In weekend interviews with German newspapers, Prime Minister Antonis Samaras and Finance Minister Yannis Stournaras stressed that Greece does not need any more bailout loans, thereby responding to German Finance Minister Wolfgang Schaeuble’s statement that the most likely scenario would be for Greece to take a new loan of 10-20 billion euros to plug the holes in its program.
The funding program for Greece appears to have a gap of between 13 and 14 billion euros for 2014 and 2015. This is a result of the bond buyback program in December 2012 that required 11 billion euros and the shortfall in revenues from the country’s privatizations program. When Greece used the funds for the buyback program, the eurozone had promised to cover the gap that would be created, so the government is now asking the eurozone to fulfill its pledge by utilizing solutions that do not include a new loan package.

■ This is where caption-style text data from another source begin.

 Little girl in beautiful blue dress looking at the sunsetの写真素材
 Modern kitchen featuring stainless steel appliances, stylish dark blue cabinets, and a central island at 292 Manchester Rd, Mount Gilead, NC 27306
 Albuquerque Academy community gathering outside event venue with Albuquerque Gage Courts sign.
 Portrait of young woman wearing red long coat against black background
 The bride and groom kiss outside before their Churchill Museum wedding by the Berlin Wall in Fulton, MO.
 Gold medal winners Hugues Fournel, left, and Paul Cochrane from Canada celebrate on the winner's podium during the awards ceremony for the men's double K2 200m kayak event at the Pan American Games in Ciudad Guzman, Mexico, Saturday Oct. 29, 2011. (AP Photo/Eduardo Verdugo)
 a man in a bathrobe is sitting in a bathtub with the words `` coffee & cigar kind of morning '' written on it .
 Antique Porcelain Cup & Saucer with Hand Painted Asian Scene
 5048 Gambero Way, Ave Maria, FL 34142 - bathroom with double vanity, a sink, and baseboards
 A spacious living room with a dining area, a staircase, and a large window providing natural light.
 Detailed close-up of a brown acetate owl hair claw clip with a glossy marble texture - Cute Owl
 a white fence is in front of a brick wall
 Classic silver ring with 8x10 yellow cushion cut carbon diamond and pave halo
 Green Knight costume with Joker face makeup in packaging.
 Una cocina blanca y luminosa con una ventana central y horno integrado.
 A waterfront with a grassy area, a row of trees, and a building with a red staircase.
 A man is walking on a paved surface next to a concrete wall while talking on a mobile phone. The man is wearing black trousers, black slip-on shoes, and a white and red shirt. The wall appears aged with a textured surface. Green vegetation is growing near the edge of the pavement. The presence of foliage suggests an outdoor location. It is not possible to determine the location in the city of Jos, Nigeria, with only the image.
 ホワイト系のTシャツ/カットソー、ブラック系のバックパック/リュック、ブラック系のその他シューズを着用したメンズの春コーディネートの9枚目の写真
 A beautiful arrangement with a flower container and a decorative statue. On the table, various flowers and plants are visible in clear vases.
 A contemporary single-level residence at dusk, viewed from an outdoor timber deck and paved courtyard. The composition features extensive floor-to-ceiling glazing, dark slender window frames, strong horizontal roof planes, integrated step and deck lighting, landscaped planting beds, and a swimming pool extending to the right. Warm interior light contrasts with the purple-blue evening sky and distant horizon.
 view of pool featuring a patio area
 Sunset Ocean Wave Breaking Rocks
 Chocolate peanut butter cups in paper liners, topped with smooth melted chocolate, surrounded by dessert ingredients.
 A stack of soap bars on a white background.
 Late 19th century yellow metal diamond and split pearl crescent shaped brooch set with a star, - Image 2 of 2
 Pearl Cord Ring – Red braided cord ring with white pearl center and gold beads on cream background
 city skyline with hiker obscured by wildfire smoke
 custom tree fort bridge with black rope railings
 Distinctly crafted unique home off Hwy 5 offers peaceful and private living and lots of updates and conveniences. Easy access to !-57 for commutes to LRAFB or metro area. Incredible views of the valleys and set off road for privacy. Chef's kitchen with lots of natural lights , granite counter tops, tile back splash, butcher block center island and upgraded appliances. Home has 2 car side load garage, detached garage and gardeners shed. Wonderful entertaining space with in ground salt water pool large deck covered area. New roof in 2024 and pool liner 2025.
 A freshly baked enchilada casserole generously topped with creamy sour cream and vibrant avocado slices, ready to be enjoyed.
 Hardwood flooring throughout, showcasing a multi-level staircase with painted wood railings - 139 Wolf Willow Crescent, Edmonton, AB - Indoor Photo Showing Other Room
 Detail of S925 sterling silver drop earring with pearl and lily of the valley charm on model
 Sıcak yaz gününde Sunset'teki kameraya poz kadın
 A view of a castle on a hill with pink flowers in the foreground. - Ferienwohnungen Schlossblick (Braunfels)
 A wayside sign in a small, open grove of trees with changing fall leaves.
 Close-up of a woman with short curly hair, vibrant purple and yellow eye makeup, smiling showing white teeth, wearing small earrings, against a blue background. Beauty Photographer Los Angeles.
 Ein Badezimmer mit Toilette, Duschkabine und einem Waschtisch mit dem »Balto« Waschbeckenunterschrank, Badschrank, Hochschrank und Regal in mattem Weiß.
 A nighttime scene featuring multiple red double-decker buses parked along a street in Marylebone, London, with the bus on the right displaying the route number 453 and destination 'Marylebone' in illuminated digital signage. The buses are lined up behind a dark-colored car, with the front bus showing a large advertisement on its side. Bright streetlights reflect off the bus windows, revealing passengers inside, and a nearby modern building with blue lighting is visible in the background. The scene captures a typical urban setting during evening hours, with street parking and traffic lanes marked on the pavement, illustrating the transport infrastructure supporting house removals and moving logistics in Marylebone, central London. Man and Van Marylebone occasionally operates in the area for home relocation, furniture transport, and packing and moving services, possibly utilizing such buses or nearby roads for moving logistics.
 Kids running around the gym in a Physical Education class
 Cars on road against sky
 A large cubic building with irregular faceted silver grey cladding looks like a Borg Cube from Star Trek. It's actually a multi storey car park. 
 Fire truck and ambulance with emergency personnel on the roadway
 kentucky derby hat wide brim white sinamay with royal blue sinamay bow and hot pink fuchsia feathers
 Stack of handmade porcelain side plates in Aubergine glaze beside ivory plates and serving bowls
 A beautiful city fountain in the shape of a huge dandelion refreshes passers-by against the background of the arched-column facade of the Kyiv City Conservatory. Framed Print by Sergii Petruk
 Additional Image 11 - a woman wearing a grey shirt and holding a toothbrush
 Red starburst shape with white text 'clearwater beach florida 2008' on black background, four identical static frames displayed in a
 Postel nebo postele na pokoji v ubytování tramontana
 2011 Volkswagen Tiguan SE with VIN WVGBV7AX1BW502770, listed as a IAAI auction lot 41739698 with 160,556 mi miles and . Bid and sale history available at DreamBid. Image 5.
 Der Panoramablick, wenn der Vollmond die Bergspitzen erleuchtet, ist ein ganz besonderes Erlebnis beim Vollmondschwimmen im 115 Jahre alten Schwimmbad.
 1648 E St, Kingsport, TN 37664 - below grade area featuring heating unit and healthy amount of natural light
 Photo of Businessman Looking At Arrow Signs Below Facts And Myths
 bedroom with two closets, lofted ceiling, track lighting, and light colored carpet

These solutions include the refinancing of instead of paying off the bonds issued by former Finance Minister Giorgos Alogoskoufis to support Greek banks in 2009, amounting to 4.4 billion euros. However, the European Central Bank is opposed to this plan. Another solution could be an extension of the repayment time for the bonds the Eurosystem bought before the outbreak of the crisis, amounting to 5.6 billion euros. Athens also recommends the use of the hitherto unused funds for the recapitalization of the credit sector, which come to 8-9 billion.
The government is further targeting an early bond issue, up to 1.5-2 billion euros, which could plug some holes, and the use of a credit line from the ESM for Greece to draw liquidity when necessary, although for that to happen, Greece will first need to prove it has secured access to the markets.